Entre os nomes de grandes armadores de navios dedicados ao tráfico negreiro aparece, por exemplo, o de Eleutério José Delfim, que foi quem, ainda muito jovem, levou as credenciais da maçonaria carioca para José Joaquim da Maia Barbalho, o Vendek, estudante brasileiro de Montpellier, que iria procurar na França o embaixador da América Setentrional, Thomas Jefferson, para solicitar o apoio de seu governo à nova república que estaria para surgir na América portuguesa. Era filho de António Delfim Silva, abastado comerciante do Rio de Janeiro, o que lhe facilitaria mais tarde a vida como exportador de carne humana.
Outro nome que aparece é o de Antônio Cruz e Almeida, armador com dois navios matriculados no Rio de Janeiro, um deles construído no Brasil, sucessor de Gonzaga como juiz interino da alfândega depois da morte do poeta de Marília de Dirceu. Ficaria também com os cargos de procurador da Real Fazenda e de procurador da Coroa, que haviam sido de Gonzaga.
Também João da Silva Guedes, protetor de Gonzaga desde os seus primeiros dias na Ilha de Moçambique, aparece na lista dos mais influentes traficantes negreiros da costa oriental da África nos primeiros anos do século XIX. Seu filho, Vicente Guedes, suspeito de maçonismo, teve seus livros confiscados no Rio de Janeiro durante a escala do navio que o levava de Lisboa para casa. Por causa da influência do pai, sequer foi detido no Rio de Janeiro e, de volta à Ilha de Moçambique, seria secretário de governo e envolver-se-ia no tráfico com as ilhas Maurícias, da França, e o Brasil.
Para toda essa gente, o ex-ouvidor de Vila Rica, formado em Leis pela Universidade de Coimbra, ofereceu suas luzes como advogado.
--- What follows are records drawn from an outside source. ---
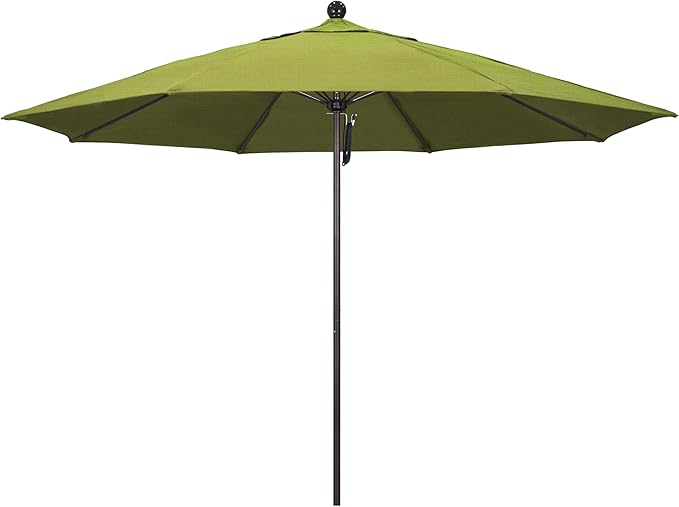 California Umbrella 11Ft Commercial Grade Market Umbrella, Pulley Lift, Aluminum/Fiberglass, 2mm pole wall, Bronze Frame, Solution Dyed Kiwi Fabric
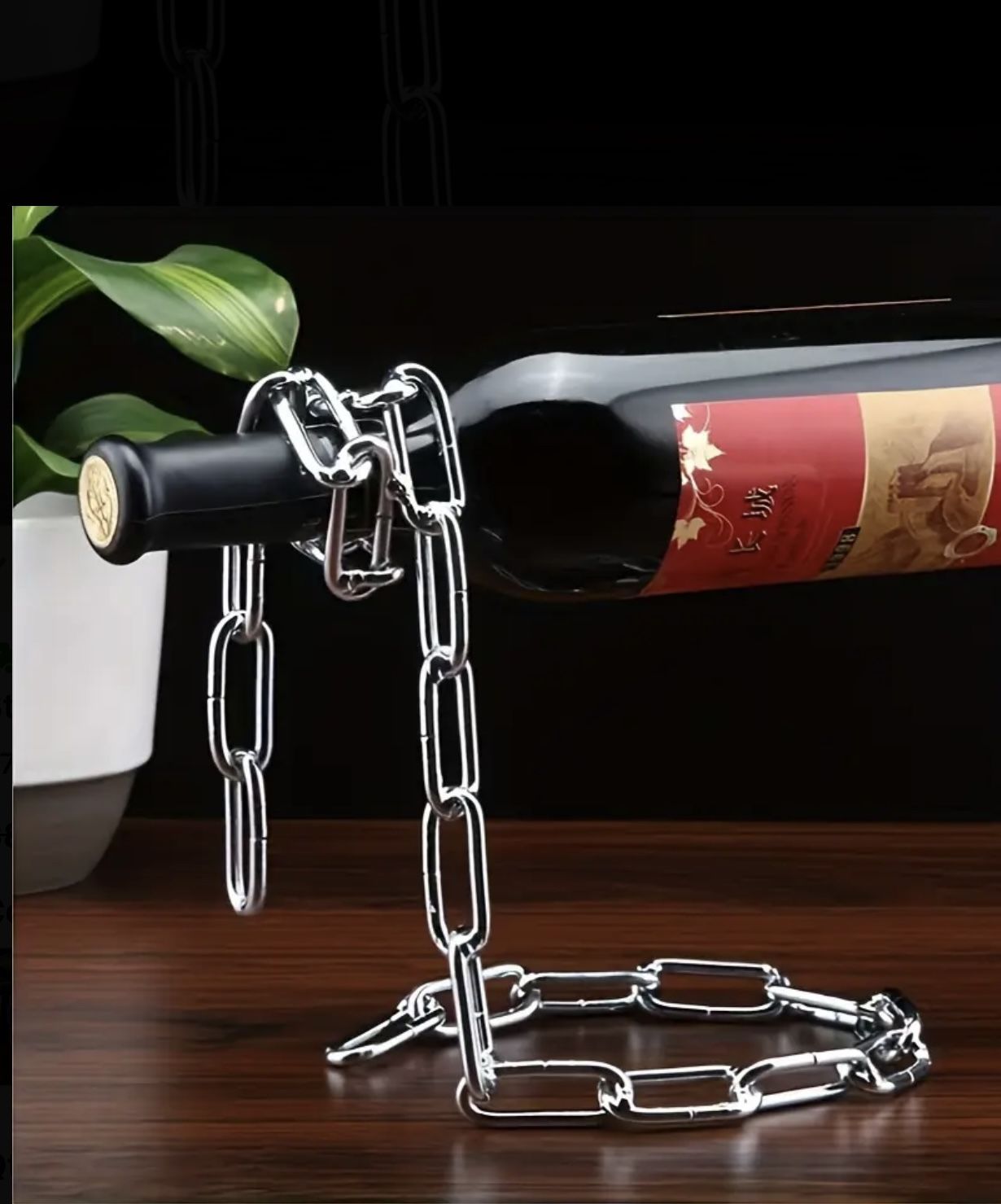 Elegant Chain Metal Wine Bottle Silver Chains Decoration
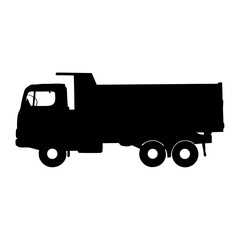 Black Dump Truck with Large Cargo Bed Side View vector illustration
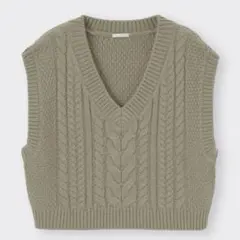 【美品】GU チャンキー ニット クロップド ベスト オリーブ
Mais tarde, como juiz da alfândega, teria ido mais longe, ao fechar os olhos para as falcatruas que ocorriam no porto, pois há denúncia de um governador de que, ao seu tempo no cargo, a Fazenda Real teria sido “violentamente fraudada”.
Para quem sempre olhou a conjuração mineira de 1789 com os olhos do romantismo e do nacionalismo, muitas dessas notícias não devem soar bem. Revirar papéis velhos tem esses inconvenientes. Mas, a rigor, não há muito que recriminar naqueles homens: era assim o tempo que lhes coube viver.
Nas colônias, os chamados pró-homens estavam confinados aos pequenos negócios e sempre tiravam do contrabando e da sonegação as suas maiores rendas. Aliás, desde então, lesar o Estado sempre foi o caminho mais rápido para se chegar à opulência. Quem podia exercia cargos na administração pública e sob essa capa protetora fazia os mais rentáveis negócios.
Como se vê, a liberdade, ainda que tardia, dístico da bandeira idealizada pelos inconfidentes de Minas Gerais em 1789, obviamente, não incluía os africanos. A liberdade que os movia era a mesma que inspirara, poucos anos antes, Thomas Jefferson, um dos paladinos da independência norte-americana, igualmente grande senhor que nunca pensou em dar liberdade aos seus escravos. Imaginar que os nossos inconfidentes tenham sido diferentes seria adentrar o perigoso terreno do anacronismo. E isto um historiador de verdade não faz.